Second, we employ instrumental variable (IV) approach with two distinct sets of IVs to address omitted variables and reverse-causality issues. Using isolation of capital as our IV (Smith, 2016), we find that CoE is higher for firms in more politically corruption environments and that the second-stage coefficient for CORRUPTION (β = 0.561) is very similar to its baseline counterpart (β = 0.583). Using averages of our research variable for neighboring jurisdictions (CORRUPTION_NEIGHBOR) and industry (CORRUPTION_IND_AVG) jointly as our IVs (similar to Jha & Cox, 2015), we find qualitatively similar results. A detailed discussion on the logical reasoning for the choice of these IVs, their detailed definitions and use are provided later in the subsection “Additional Robustness Checks.”

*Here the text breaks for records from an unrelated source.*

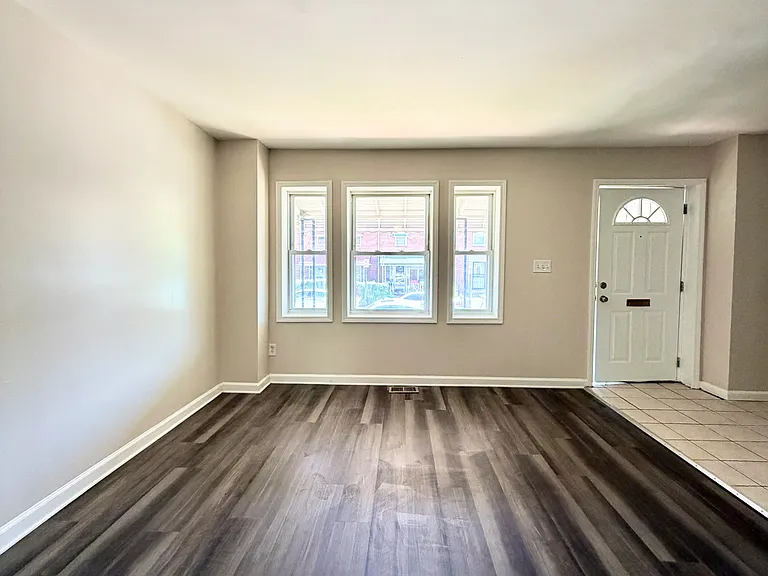 5417 Nelson Ave — Photo 2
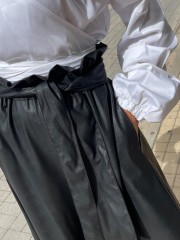 Λευκό βαμβακοσατέν κρουαζέ oversized μακρυμάνικο πουκάμισο με δέσιμο-φιόγκο στο πλάι και μικρές σούρες με πιασίματα στα balloon μανίκια Innocent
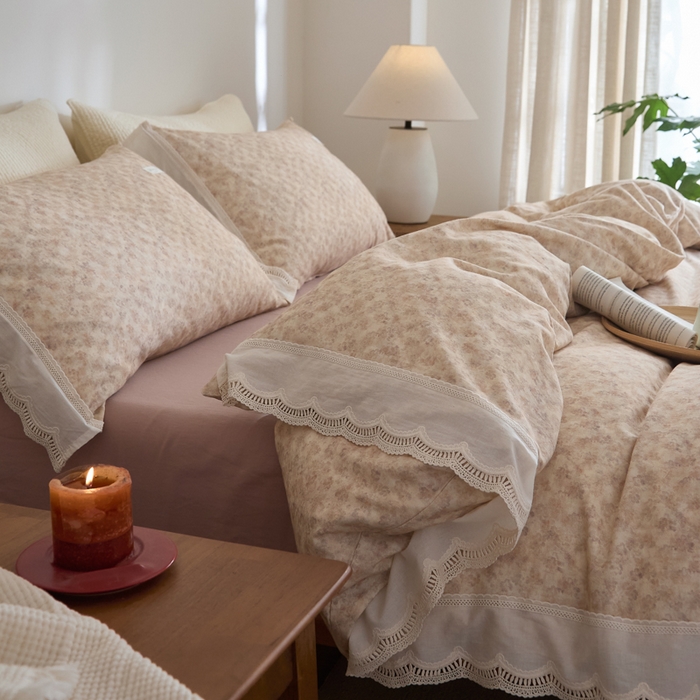 91家纺网 家纺一手货源 找家纺 大彩家居 2025新款全棉纯棉水洗磨毛四件套 暖棕碎花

We use a difference-in-differences (DiD) approach to further address endogeneity issues and to further support a causal interpretation of our results. We use two quasi-natural experiments that were exogenous shocks to the environment for political corruption: namely, the McCain–Feingold (MF) Campaign Reform Act of 2003 as one of the strongest legislations against soft-money-in-politics, and its weakening by the 2010 Citizen United v. Federal Election Commission decision by the Supreme Court of the United States (SCOTUS). As expected, we find that the coefficients for the triple interaction variable designed to capture the differential effect for treated firms (high political contributors) relative to control firms (low political contributors) after the shock are significant and negative for the MF shock and significant and positive for the SCOTUS shock (further discussion in the last para of the subsection “Additional Robustness Checks”).

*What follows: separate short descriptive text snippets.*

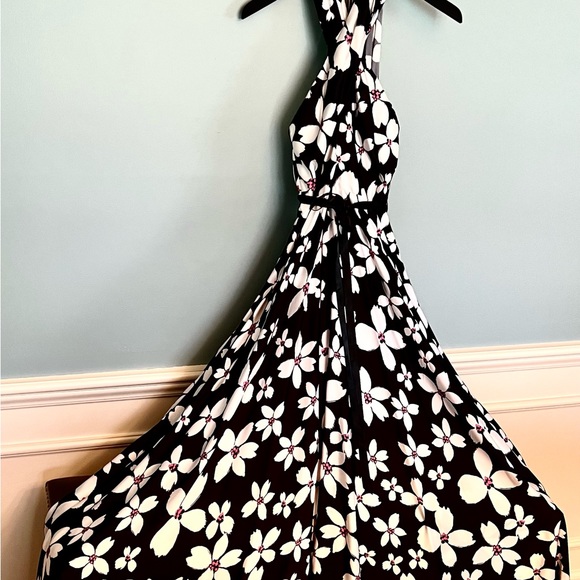 Gorgeous Theia Love Designer Gown Elegant feels like silk - Picture 6 of 11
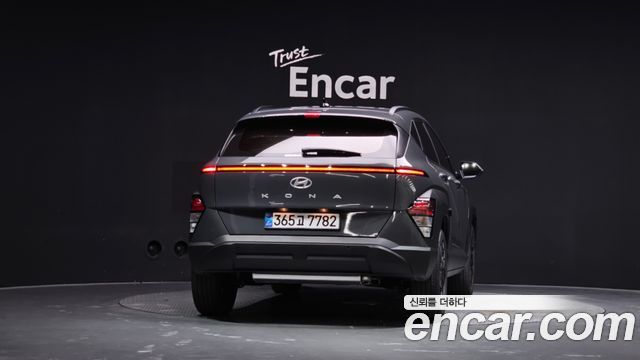 Hyundai Kona из Кореи Encar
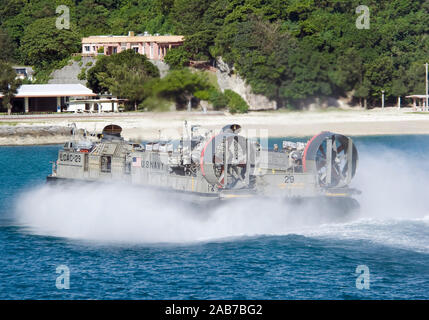 OKINAWA, Japan (Aug. 20, 2012) Landing Craft Air Cushion (LCAC) 29 Transporte während eines onload Der 31 Marine Expeditionary Unit (31 MEU) an die Bonhomme Richard Amphibious Ready Group (ARG) vor der Küste von weißen Strand Marinestützpunkt. Die ARG begann die 31. MEU zu beginnen Durchführung amphibischer Operationen im westlichen Pazifik. Bonhomme Richard Amphibious Ready Gruppe besteht aus den Amphibischen dock Landung Schiff USS Tortuga (LSD 46), den amphibischen Angriff Schiff Bonhomme Richard (LL 6), die amphibious Transport dock USS Denver LPD (9), den 31 MEU, Amphibischen Squadron Stockfoto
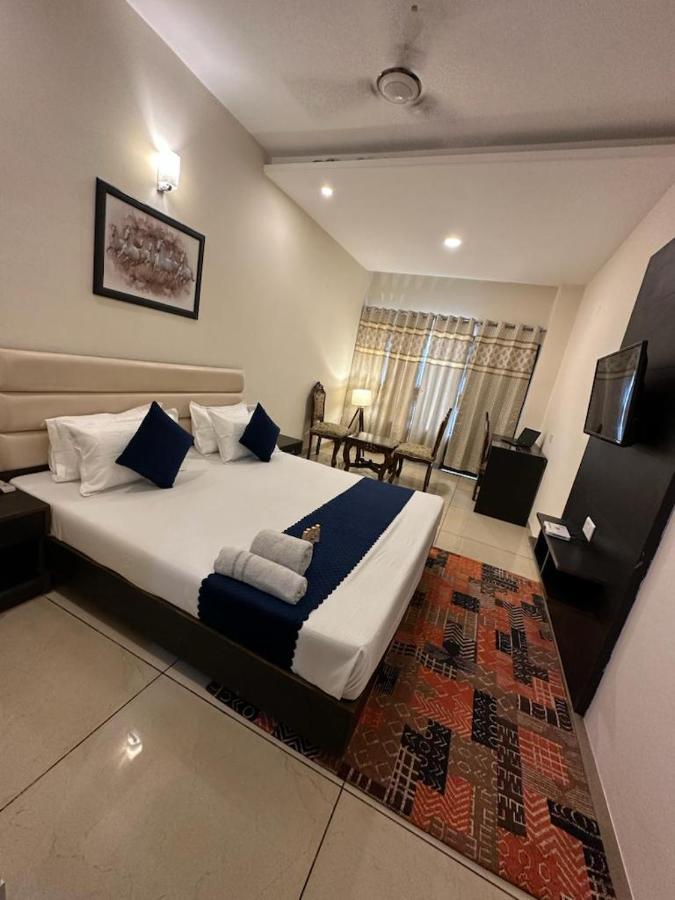 Hotel Jb Residency !! Luxurious & Royal Balcony Rooms !! Large Rooms Zirakpur Kültér fotó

We conduct tests of three channels that may influence CoE with corruption being the mediator. Modigliani and Miller (1958) argue that high leverage will increase CoE, whereas Smith (2016) argues that firms deliberately increase their leverage to a suboptimal level (a cost) in corrupt environments to shield against corruption (a benefit). The net benefit of such shielding on a firm’s CoE has not yet been quantified. We find that the association between CORRUPTION and CoE is more prominent when leverage is low. Thus, the net benefits from corruption shielding using leverage appear to be positive.

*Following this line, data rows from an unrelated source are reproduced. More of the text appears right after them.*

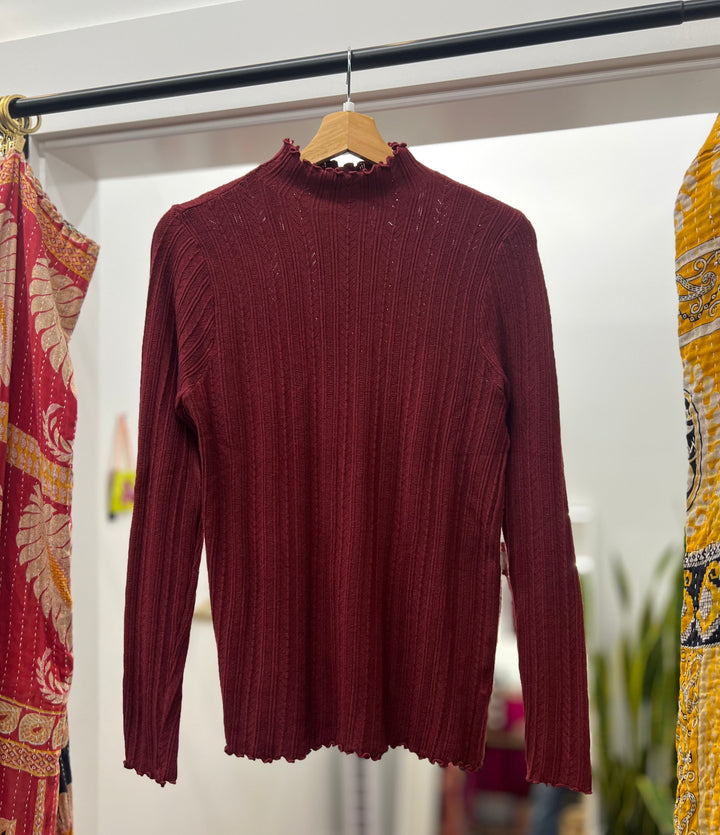 Plus Size Lettuce Hem Turtle Neck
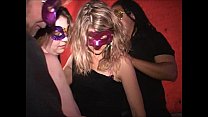 sex молодая толстушка обжирает пышную пизду милфы тащит рыжую милфу в оргию для траха на лицо porn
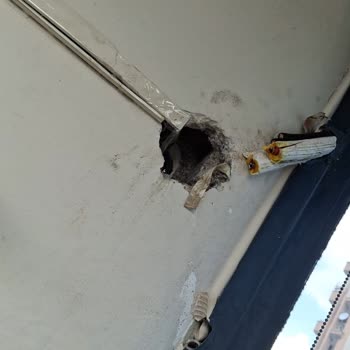 Duvar Hasarı Ve Saygısız Servis Yaklaşımı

Second, we resort to the Residual Free Cash Flow (RFCF) Hypothesis proposed by Jensen (1986) that posits that free cash flow aggravates agency costs and is detrimental to shareholders, and to the prediction of Stulz (1996) that agency costs increase CoE. The conjecture based on a combination of these findings is that firms with higher agency costs will show a stronger CORRUPTION–CoE association. Our findings are consistent with this conjecture.⁷

Third, we use the corporate governance literature to link political corruption with CoE. Extant literature shows that agency costs and weak corporate governance affect systematic risk, and hence CoE (Boubakri et al., 2010; K. C. Chen et al., 2009; Guedhami & Mishra, 2009). External monitoring is one of the mitigating factors for weak internal governance (Fama & Jensen, 1983), and institutional investors (IOs) are identified as good external governance monitors (Shleifer & Vishny, 1986) by alleviating agency issues (Bushee, 1998; X. Chen et al., 2007) due to their monitoring skills and information advantage (Schnatterly et al., 2008). Assuming that high IO presence is associated with better monitoring (governance), we predict and find that the CORRUPTION–CoE association is stronger for firms with low IO presence.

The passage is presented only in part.